___ TASK INPUT ___
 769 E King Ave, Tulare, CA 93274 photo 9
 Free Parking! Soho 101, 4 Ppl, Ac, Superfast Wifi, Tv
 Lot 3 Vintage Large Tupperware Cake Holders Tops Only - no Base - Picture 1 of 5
___
___ TASK INPUT ___
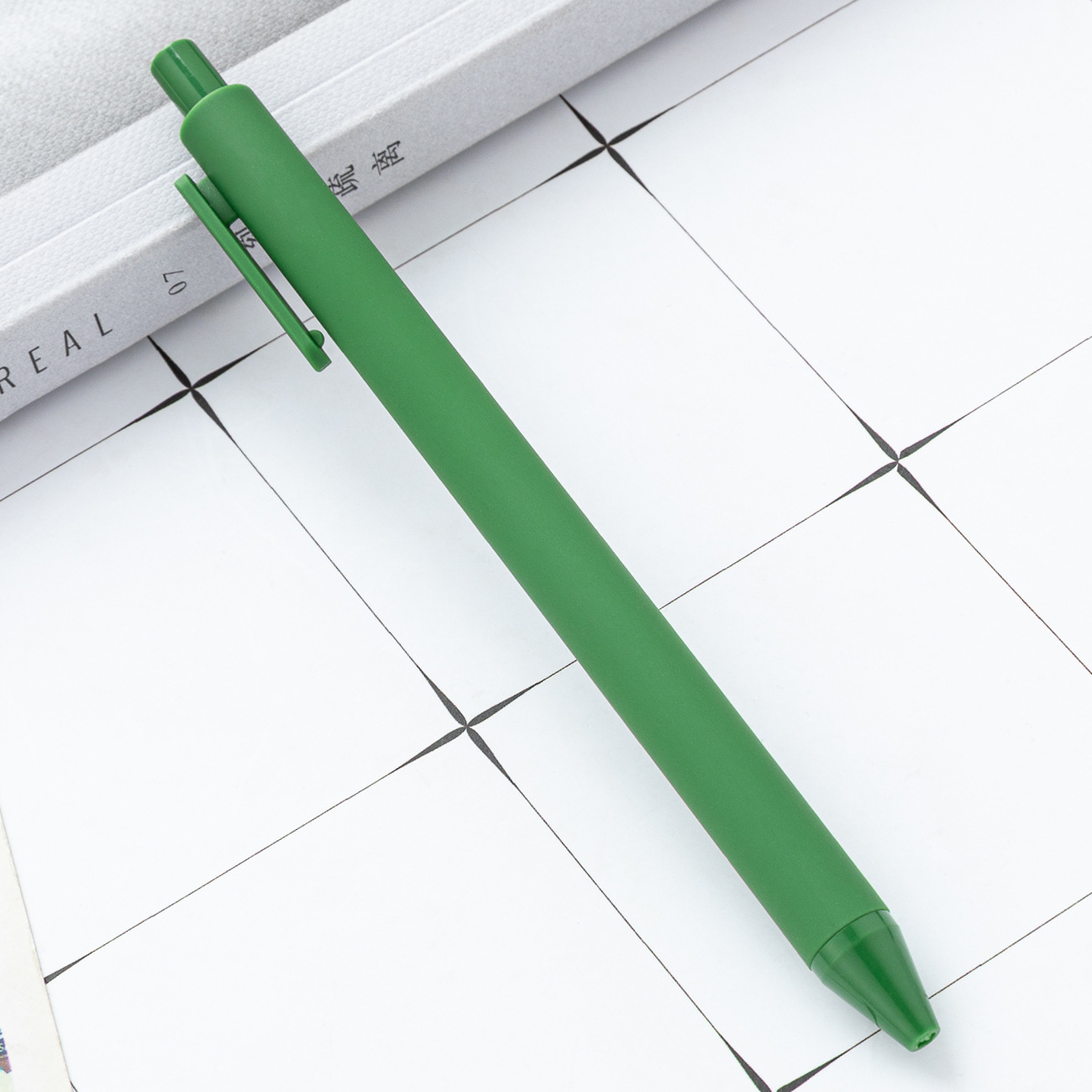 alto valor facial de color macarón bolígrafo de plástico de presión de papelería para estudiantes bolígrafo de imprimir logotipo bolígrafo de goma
___
WHAT TO PRODUCE: Your answer should be the exact lines above from the one with "Free Parking! Soho" through the one with "Lot 3 Vintage", both included, and nothing besides.

RESULT OF THIS EXERCISE:
 Free Parking! Soho 101, 4 Ppl, Ac, Superfast Wifi, Tv
 Lot 3 Vintage Large Tupperware Cake Holders Tops Only - no Base - Picture 1 of 5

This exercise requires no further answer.